Unless the heteroscedasticity of the Y is pronounced, its effect will not be severe: the least squares estimates will still be unbiased, and the estimates of the slope and intercept will either be normally distributed if the errors are normally distributed, or at least normally distributed asymptotically (as the number of data points becomes large) if the errors are not normally distributed. The estimate for the variance of the slope and variance will be inaccurate, but the inaccuracy is not likely to be substantial if the X values are symmetric about their mean.
Heteroscedasticity of Y is usually detected informally by examining the X-Y scatterplot of the data before performing the regression. If both nonlinearity and unequal variances are present, employing a transformation of Y may have the effect of simultaneously improving the linearity and promoting equality of the variances. Otherwise, a weighted least squares linear regression may be the preferred method of dealing with nonconstant variance of Y.
If the linear model is not correct, the shape of the general trend of the X-Y plot may suggest the appropriate function to fit (e.g., a polynomial, exponential, or logistic function). Alternatively, the plot may suggest a reasonable transformation to apply. For example, if the X-Y plot arcs from lower left to upper right so that data points either very low or very high in X lie below the straight line suggested by the data, while the data points with middling X values lie on or above that straight line, taking square roots or logarithms of the X values may promote linearity.
If the assumption of equal variances for the Y is correct, the plot of the observed Y values against X should suggest a band across the graph with roughly equal vertical width for all values of X. (That is, the shape of the graph should suggest a tilted cigar and not a wedge or a megaphone.)
A fan pattern like the profile of a megaphone, with a noticeable flare either to the right or to the left as shown in the picture suggests that the variance in the values increases in the direction the fan pattern widens (usually as the sample mean increases), and this in turn suggests that a transformation of the Y values may be needed.
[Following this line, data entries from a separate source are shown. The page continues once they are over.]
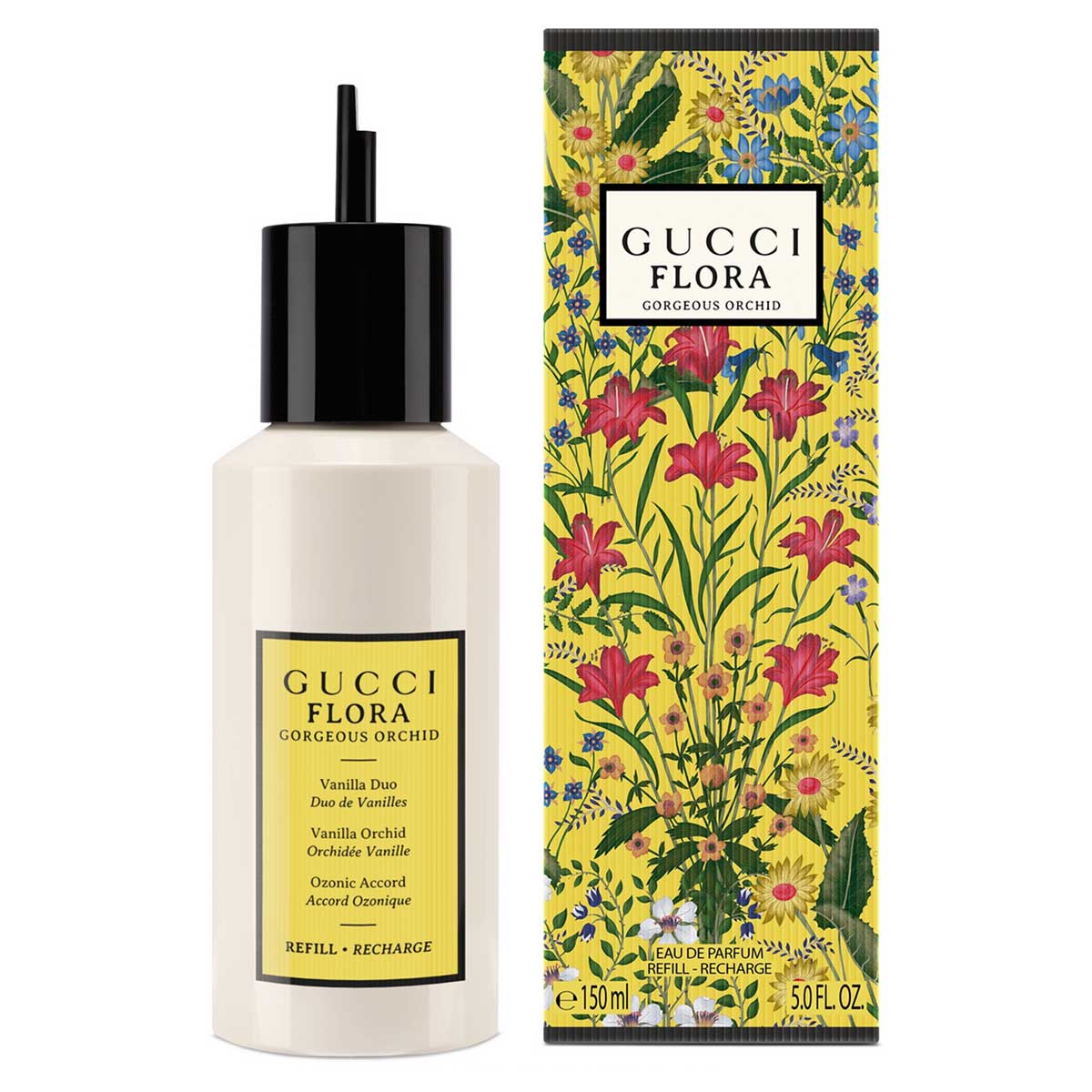 GUCCI FLORA gorgeous orchid edp refill 150 ml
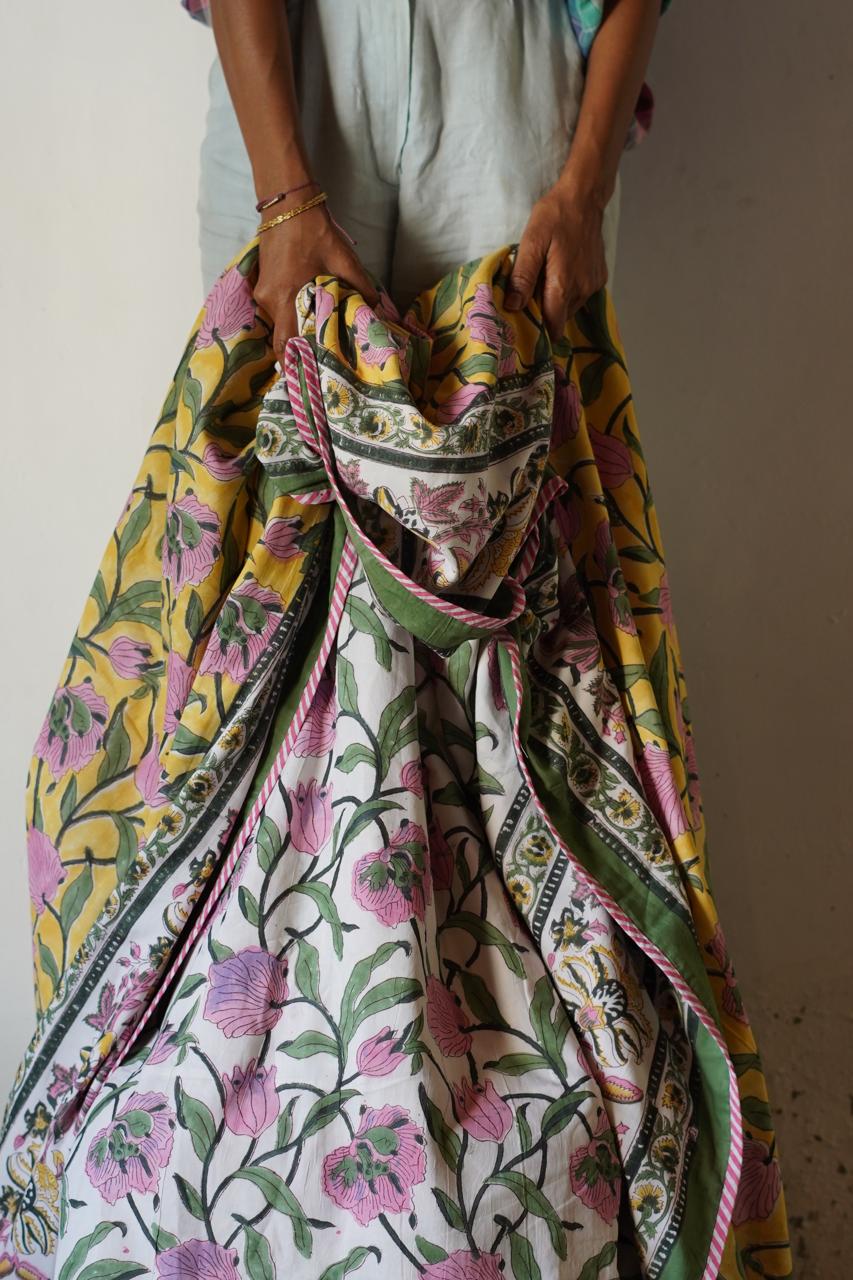 Hand Block Printed Cotton Quilt
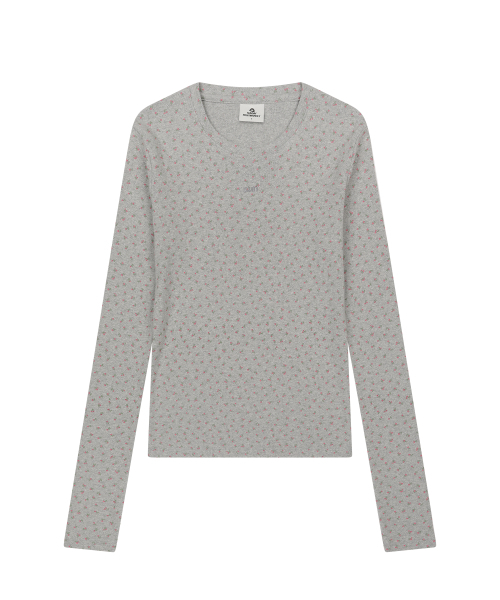 SUNDAY FRUIT MARKET(サンデーフルーツマーケット)の「W) SUN FLOWER LS TEE GRAY(Tシャツ/カットソー・レディース・その他・SMALL/MEDIUM)」の1枚目の写真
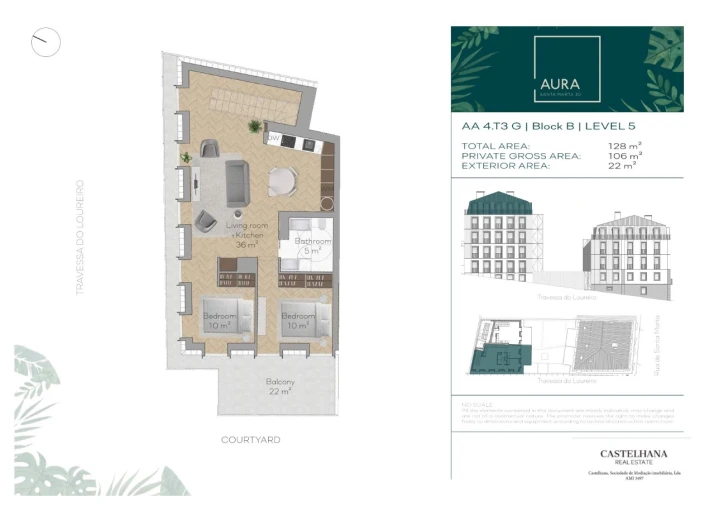 Apartamento T3 para Venda em Santo António Planta 2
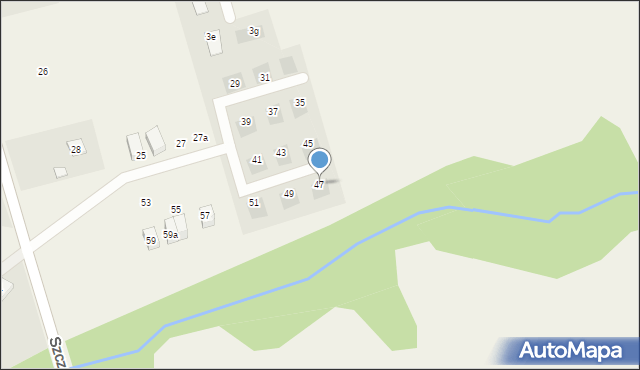 Przęsocin, Jeżynowa, 47, mapa Przęsocin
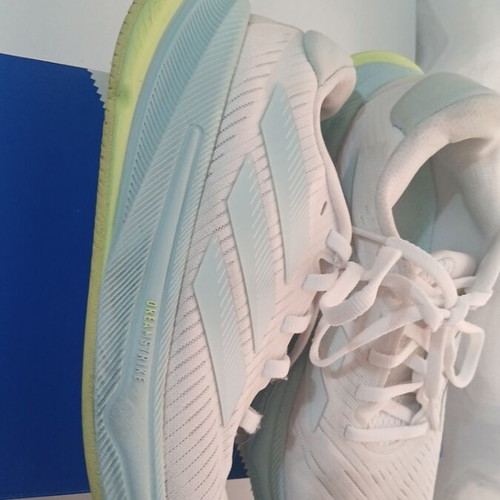 Adidas women's athletic shoes used, size 36, white and turquoise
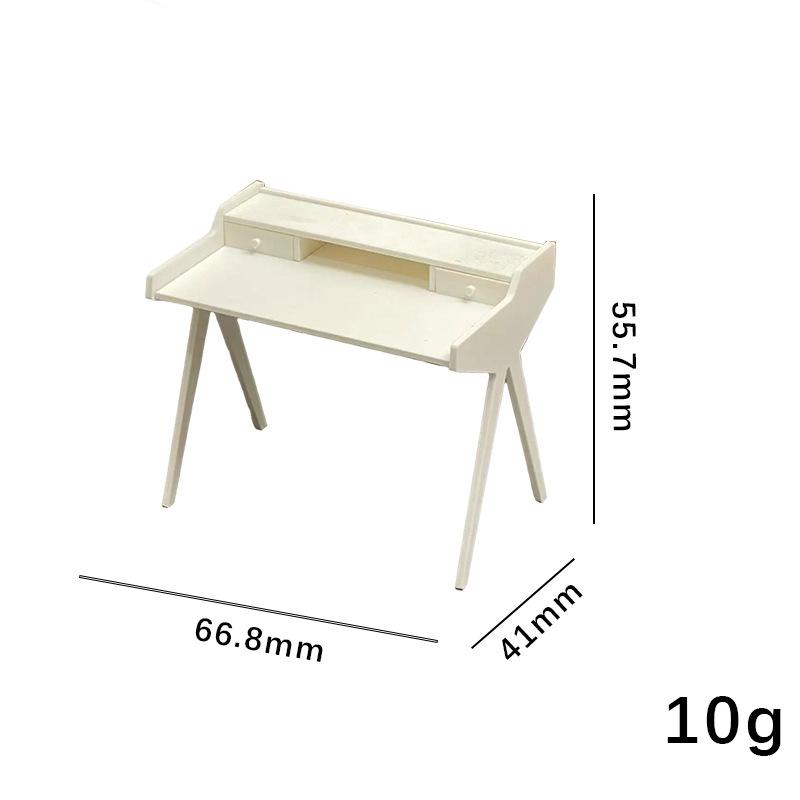 

1/12 Scale Miniature Dressing Table – Dollhouse Vanity & Bedroom Side Table for Micro Scene Decor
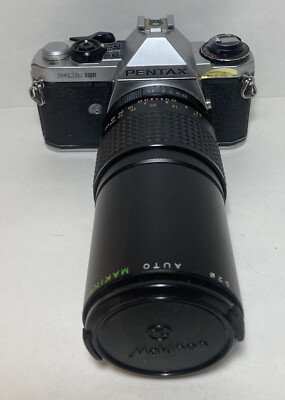 Vintage Pentax 35mm Film Camera ME Super For Parts Or Repairs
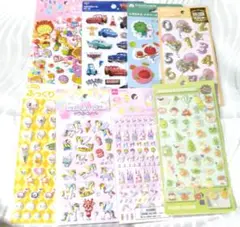ぷっくりシール　8個セット　Disneyカーズ　ユニコーン　 非売品　等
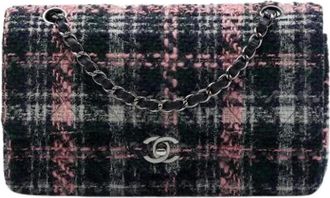 Chanel Pre-owned Double Flap Bag - Dames - Vintage Schoudertas - Veelkleurig - ONE Size - Leer - Vintage
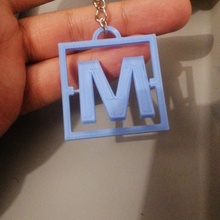 keychain logo flexible twisted nosupport movable 3d print model - Mito3D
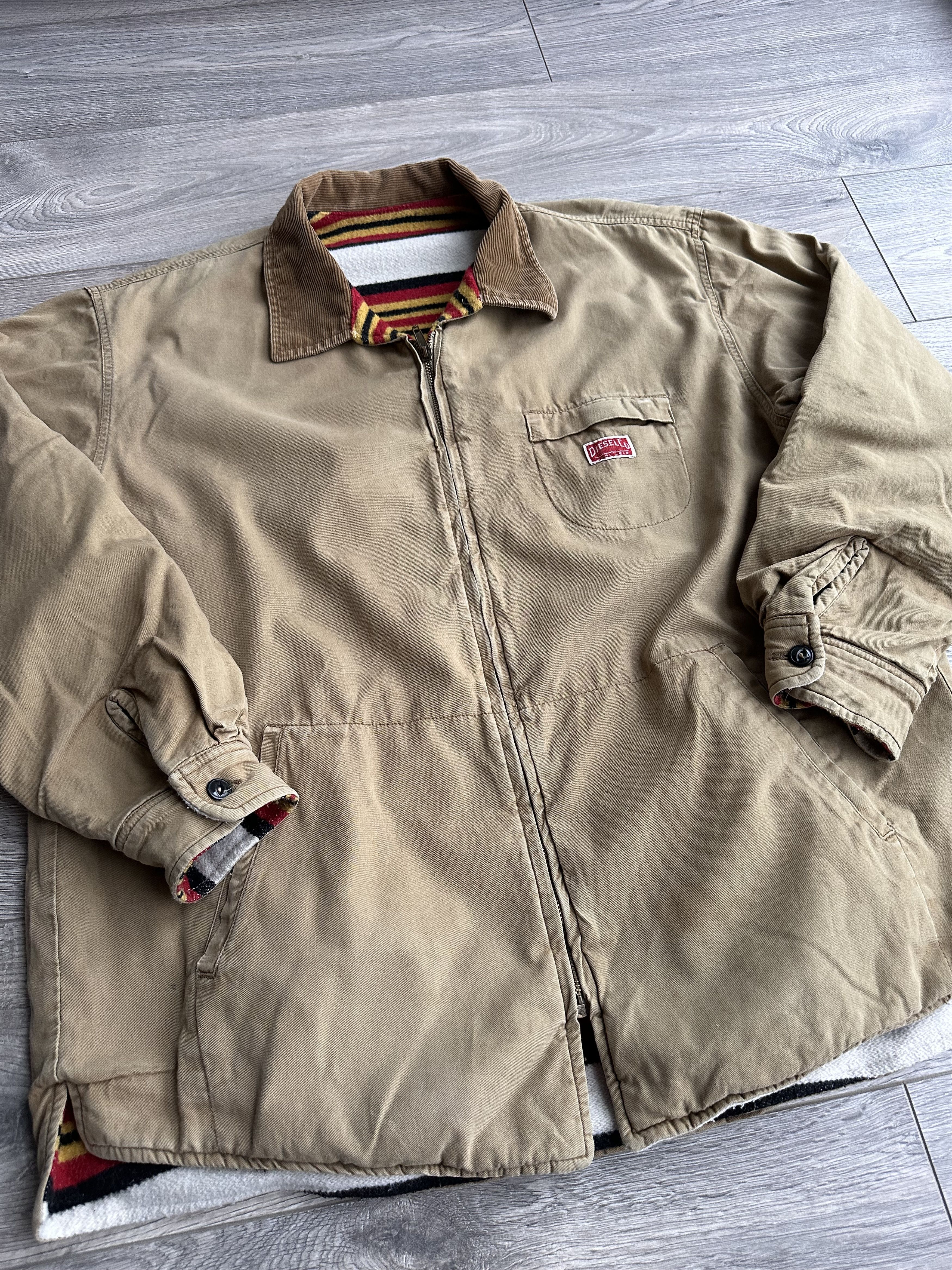 Diesel Diesel Vintage Two-sided detroit jacket Size US XL / EU 56 / 4 - 2 Thumbnail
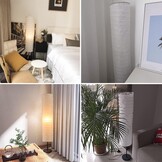 Witte Cilindrische Papieren Lampenkap 94 cm Hoog - Ersatz Lampenscherm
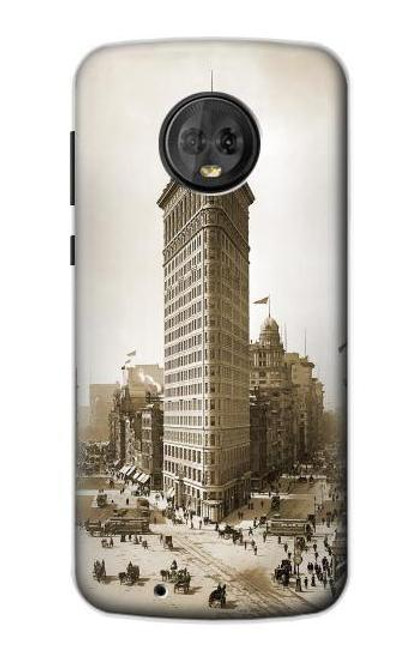 S3046 Old New York Flatiron Building Case For Motorola Moto G6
Even if none of the test assumptions are violated, a linear regression on a small number of data points may not have sufficient power to detect a significant difference between the slope and 0, even if the slope is non-zero. The power depends on the residual error, the observed variation in X, the selected significance (alpha-) level of the test, and the number of data points. Power decreases as the residual variance increases, decreases as the significance level is decreased (i.e., as the test is made more stringent), increases as the variation in observed X increases, and increases as the number of data points increases. If a statistical significance test with a small number of data values produces a surprisingly non-significant P value, then lack of power may be the reason. The best time to avoid such problems is in the design stage of an experiment, when appropriate minimum sample sizes can be determined, perhaps in consultation with a statistician, before data collection begins.
In general, unless there is a structural or theoretical reason to assume that the intercept is 0, it's preferable to fit both the slope and intercept.